Maintaining Early Successional Habitat Diversity at Worlds End
J. Andrew Walsh
The Bradley Estate
The Trustees of Reservations
Delivered at 2003 Boston Harbor Islands Science Symposium
In 2002, The Trustees of Reservations completed a Management Plan that identified specific conservation goals and significant threats to the grasslands at Worlds End. The primary management goal for grassland management at Worlds End is maintaining a grassland/early successional mosaic that supports a diversity of species that depend on these habitats. Grassland wildlife, including nesting birds and butterflies, native grassland patches, rare species, and plant diversity are among the most important conservation targets. Plant community succession, invasive exotic plants, and recreational use currently pose the most significant threats to these ecological attributes. A grassland management plan completed in 2003 defines a management strategy to protect critical ecological resources and mitigate the primary threats to grasslands at Worlds End.

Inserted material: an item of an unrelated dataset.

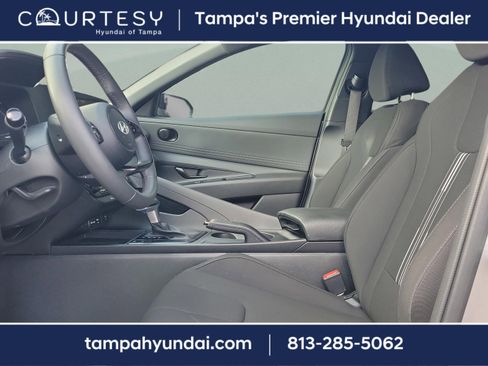 Certified 2025 Hyundai Elantra Sport image 12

Under the new grassland management plan, mechanical mowing will continue to be the primary grassland management tool at Worlds End. The timing and frequency of mowing treatments will respond to specific management needs and conservation targets within the 18 management units on the property. An experimental mowing program, initiated in 2002, is designed to help ecology staff determine the frequency of mowing needed to yield desired results (e.g., reduction in woody plants). Species composition and cover data will be collected annually in seven, ¼-acre experimental mowing plots subject to varied mowing regimes. The results of the experimental mowing program will guide future management efforts to restore the property’s early successional habitats toward conditions appropriate for specific conservation targets (e.g., nesting grassland birds, plant diversity, etc.). Brush clearing along field margins and seasonal trail closures will also be implemented as necessary to enhance grasslands that may support nesting birds. Limited field expansion is being considered where it would benefit nesting birds.